BP also said on Monday that its partners in the leaking well must share responsibility for the costs in dealing with the disaster.

"Other parties besides BP may be responsible for costs and liabilities arising from the oil spill, and we expect those parties to live up to their obligations," Tony Hayward, BP's chief executive, said in a statement.

It said that the co-owners had confirmed to the US federal government that they would be liable for oil spill cleanup costs.

'Gross negligence'

It follows Anadarko Petroleum Corp., which has a 25 per cent stake in the gushing well, accusing BP of gross negligence in operating the drilling rig.

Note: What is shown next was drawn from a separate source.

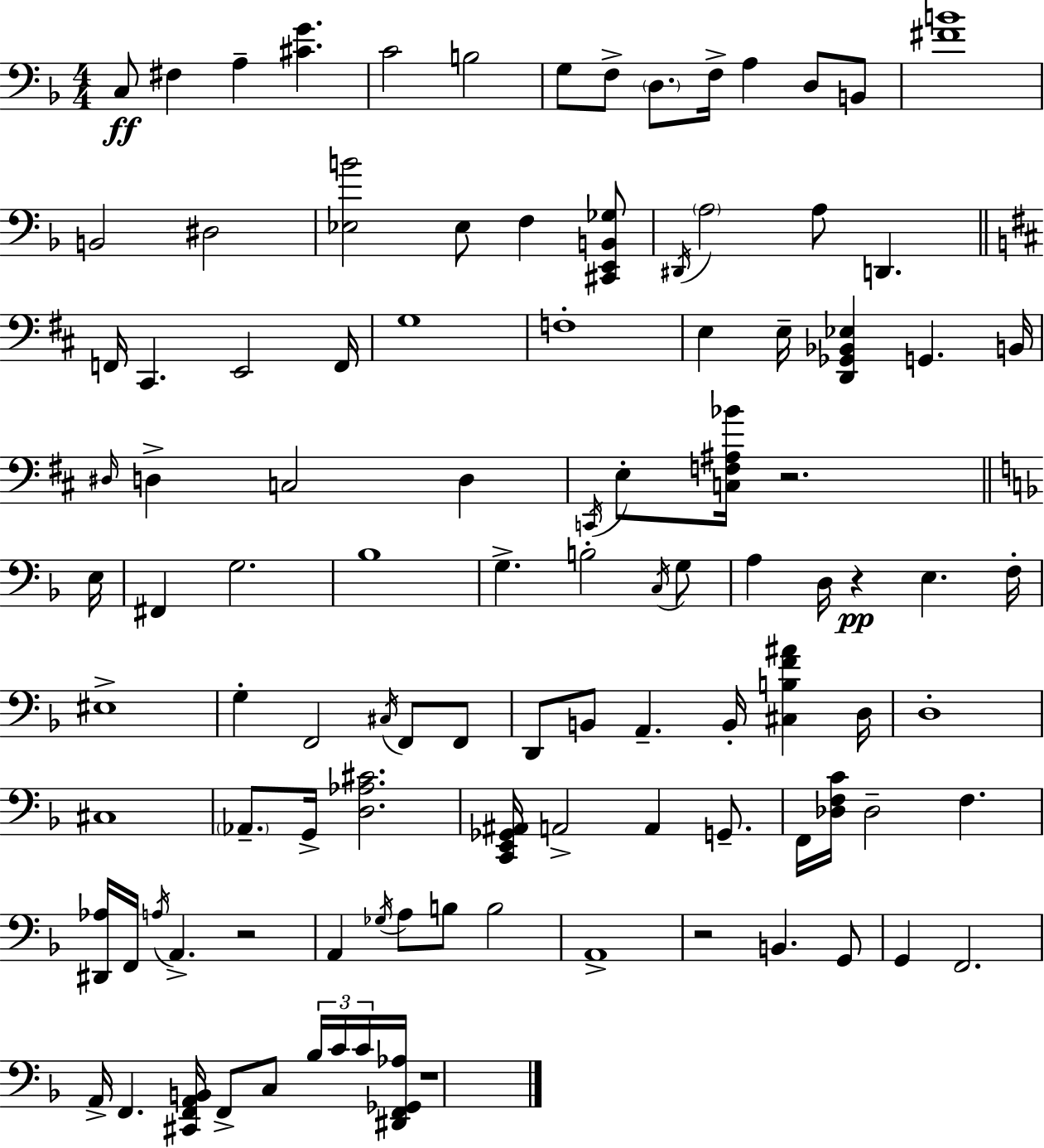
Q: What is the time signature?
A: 4/4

Anadarko said the joint operating agreement makes BP responsible to co-owners for any damage due to gross negligence or willful misconduct.

Anadarko had no employees on the well and was a non-operating partner in the project.

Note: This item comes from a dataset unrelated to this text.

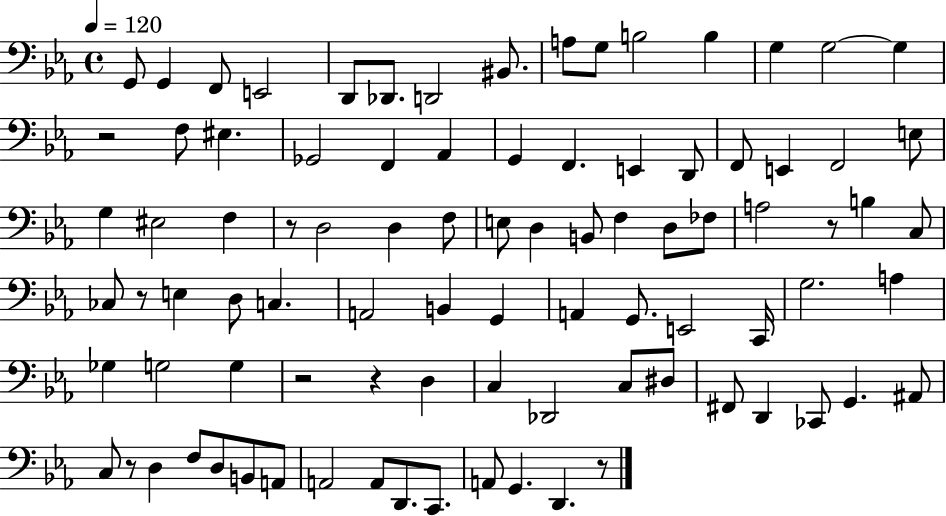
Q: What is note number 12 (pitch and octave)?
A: B3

The rig was owned by Transocean Ltd. of Switzerland and operated by BP.

'Fault ignored'

Meanwhile, a worker on the rig claimed, on Monday, that he found a fault in a key piece of safety equipment weeks before the disaster.

Tyrone Benton told the British Broadcasting Corporation [BBC] the fault on the Deepwater Horizon rig was not fixed and instead the device, known as a blowout preventer, was shut down and a second one used.

He said that repairing it would have meant stopping drilling work at a time when it was costing $500,000 a day to operate the rig, the source of the massive oil spill.

BP has said that rig owners Transocean were responsible for the piece of equipment, and Transocean says the device was tested successfully before the incident, the BBC reported.